True! lots of people sleeping on Fish. Probably because it's not POSIX compliant -- which is something I was hesitant about at first, too. My favorite features are: built-in vim mode, alt+s instead of sudo !!, backwards search with arrow-up, overall good default settings

cedilla 4 days ago | parent | next [-]

Fish was weird at first, with it's insistence on `or` instead of `||`, and `and` instead of `&&`. Since they relented on this, there's not much non-POSIX weirdness for me. From time to time I'll try to `export` something, but fish just reminds you what to do instead. 3rd party integration is excellent now, too.

When I write scripts I'll just target /bin/sh, or /bin/bash if necessary. Never saw a reason to write zsh or fish scripts.

SAI_Peregrinus 3 days ago | parent | next [-]

Note that `/bin/bash` isn't guaranteed to exist, even if Bash is installed. `/usr/bin/env` is guaranteed to exist on POSIX systems, so `/usr/bin/env bash` is the generally recommended way to invoke it in a shebang. `/bin/sh` is guaranteed to exist on a POSIX system, but `/usr/bin/env sh` can be used for consistency.

kstrauser 3 days ago | parent | prev | next [-]

Export works now.

I write most of my local-use scripts in fish now. Having access to all the little ergonomics like outputting colored text is just more pleasant.

maleldil 3 days ago | parent | prev [-]

Note that `or/||` and `and/&&` are not interchangeable. They have different precedences.

benrutter 4 days ago | parent | prev | next [-]

100% this! I tried fish, loved it, then didn't use it for about a year becayse I'd convinced myself posix compliance was important.

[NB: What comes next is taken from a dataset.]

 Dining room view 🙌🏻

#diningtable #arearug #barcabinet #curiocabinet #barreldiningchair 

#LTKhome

The truth is day to day I use 5 or less shell language primitives, mostly I run other programs from the shell, and pipe them into each other, so the shell language compliance doesn't matter.

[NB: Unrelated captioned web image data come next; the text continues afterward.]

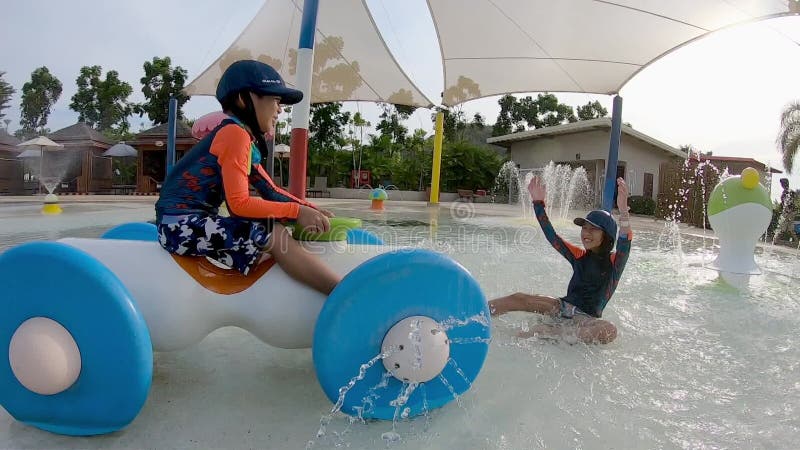 Bambini che viaggiano su carrelli d'acqua che spruzzano acqua nell'acquaacqua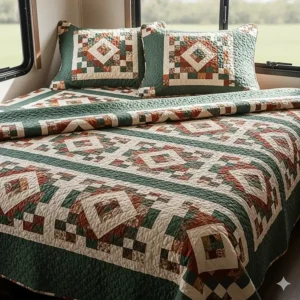 A quilted bedspread with matching pillow shams, ideal for adding warmth and style to a motorhome bedroom.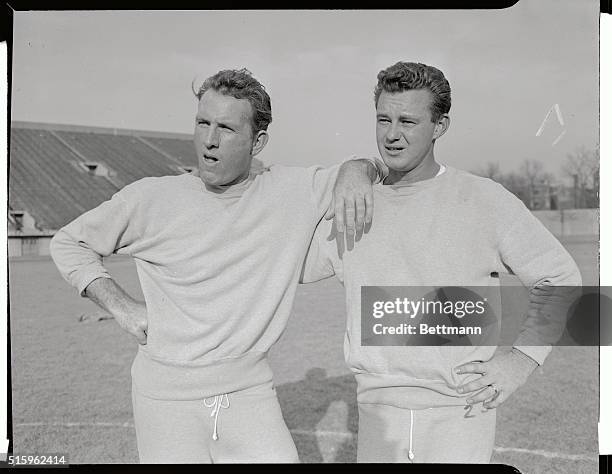 The L. A. Rams football workout is underway. The quarterback Bob Waterfield and Norm Van Brocklin is shown.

stavros 3 days ago | parent | prev | next [-]

I don't understand this reticence about POSIX compliance. When would you need your shell to be POSIX compliant? I've been using fish for ten years and I've never had an issue, even with scripting. If I need to run a script, it always has bash in the shebang line, so it runs normally.

Am I missing something useful?

SAI_Peregrinus 3 days ago | parent [-]

Other people's scripts in projects where you can't or don't want to edit the scripts to add a shebang line.

stavros 3 days ago | parent [-]

You can only run those with `bash script` anyway, your shell doesn't matter in that case.

yonatan8070 4 days ago | parent | prev | next [-]

If you work with a lot of longer commands, you can press Alt+e to edit the current prompt in $EDITOR, so you can use your favorite editor to do whatever you'd like to the command.

valeena 3 days ago | parent [-]

I had no idea about that! You and other commenters taught me some great features! I so love fish!

hyperhopper 3 days ago | parent | prev | next [-]

Oh-my-zsh adds most of that while still being POSIX compliant

zwarag 3 days ago | parent | next [-]

In my personal experience, oh-my-zsh slows down things too much. You're better off just taking whatever you really like about oh-my-zsh and configure it yourself.

bbkane 3 days ago | parent [-]

This is what I do: https://github.com/bbkane/dotfiles/tree/master/zsh

Works great!

theshrike79 3 days ago | parent | prev [-]

"zsh is just fine, you just need to add a megabyte of scripts on top" is not a good advertisement :)

warwren 3 days ago | parent | prev [-]

This whole time I didn't know you're supposed to use alt+s. I just got mad sudo !! didn't work. Thanks!